Дети на печке тихо всхлипывали о своем летнем любимце, но к обеду грусть проходила: подавали жареный ливер, мозги, по избе шел сытный запах — варили целый чан холодца. Так что хрящики Евграфий Петрович обсасывал как в детстве — с грустью и радостью, не забывая перемежать кусочки мяса духовитой гречневой кашей с солоноватыми хрусткими шкварками. И запивая всю эту крестьянскую ностальгию красным французским вином с трудно выговариваемым названием.
Путиловский тихонько пощипывал свою тетерку, попивал «Шато Мутон-Ротшильд» (когда еще удастся его попить!), вполуха слушая тирады Франка и вполглаза наблюдая за страданиями Берга, сцепившегося не на жизнь, а на смерть с таким же молодым лангустом. Оба были ярко-пунцового цвета: лангуст — от живительного действия подсоленного кипятка, а Берг — от усердия.
К лангусту подавался небольшой набор слесарного инструмента, с помощью которого смышленый человек за каких-нибудь два часа мог вскрыть природную кирасу морского насекомого и насладиться видом растерзанного соперника. Успехов на лангустовом фронте у поручика пока не наблюдалось — дальше жеваной ножки он не продвинулся.
— Гуляет Россия, — меланхолично продолжал гнуть свою линию Франк. — Ты посмотри, сколько здоровья надо, чтобы все это переварить и не умереть от обжорства! Какие купчины, какие чиновники ядреные! А женщины? Пьеро, ты посмотри, какие женщины! Кстати, у тебя давно не было романов. Это, брат, плохо для душевного здоровья. Ты должен влюбиться или даже жениться.
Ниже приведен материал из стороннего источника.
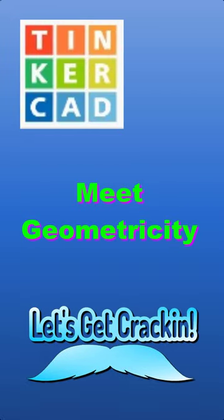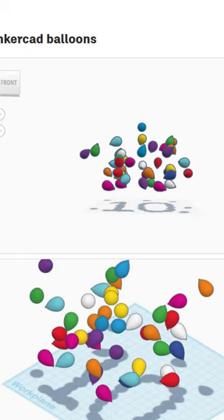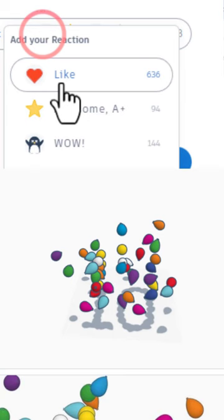Today we highlight Tinkercad designer geometricity, so let's get crackin'. These 3D balloons are awesome, and if you check out the shadow, it's celebrating 10 years. So cool, giving it a wow.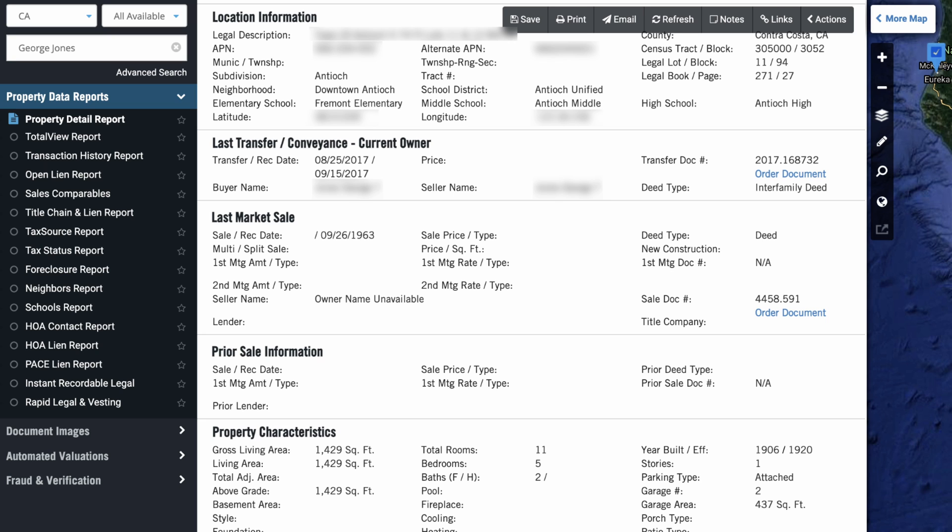So if you have that information and preferably the state and county where that real estate is located, you can find it fairly quickly and easily. And even if you don't have the state or county for some reason, you can still find it.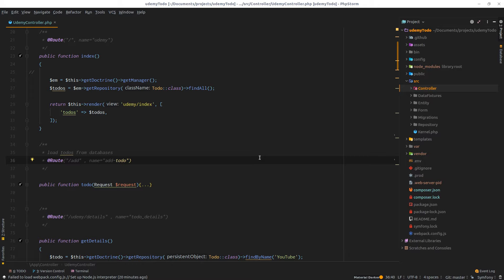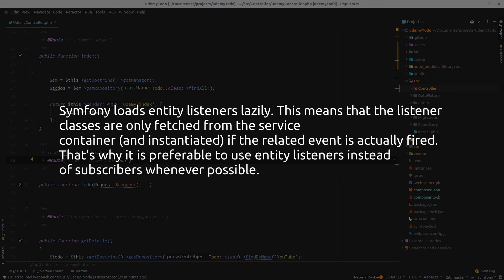Okay, I won't answer this fully now, but I would like to address one single point, which is the performance consideration. One important difference between listeners and subscribers is that Symfony core loads entity listeners lazily, like lazy loading in Angular if you've played around with that.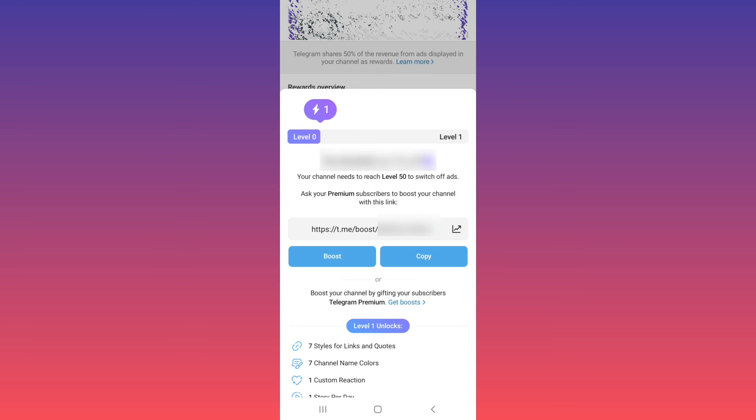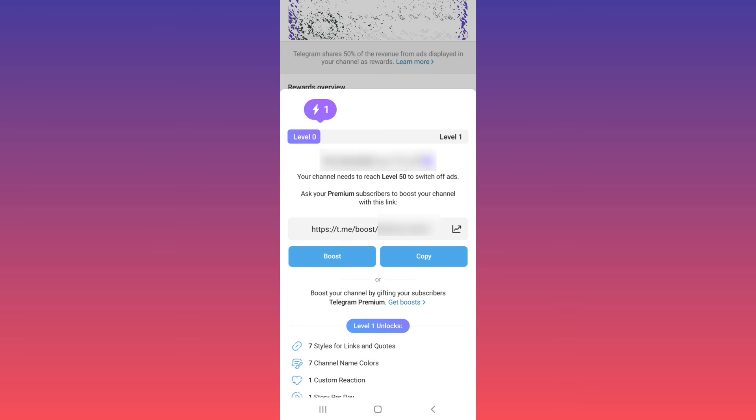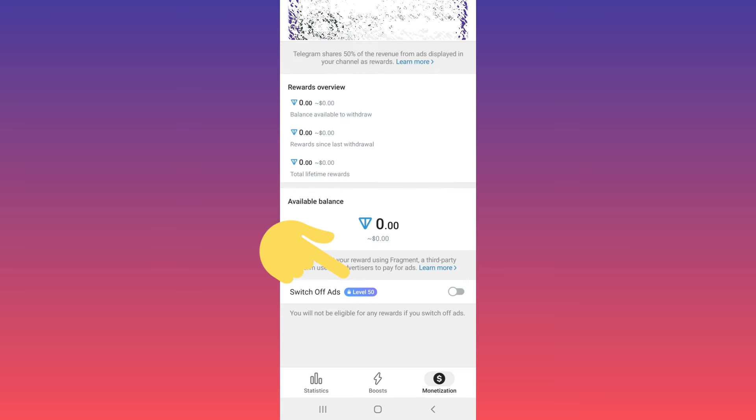For that, your premium subscribers must boost your channel, or you can get boosts by gifting your subscribers Telegram Premium. After you reach level 50, you can switch off ads. Just remember, if you turn off ads, you can't earn money from your channel.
Одно другого не исключает.
— Сейчас вот все брошу и побегу женихаться, — лениво отозвался Путиловский. — Передай мне «Шато». Жениться у нас Иван Карлович будут-с!
Берг на секунду съежился от такой ужасной перспективы и с удвоенной энергией накинулся на лангуста. Тот уже поскрипывал, но пока держался.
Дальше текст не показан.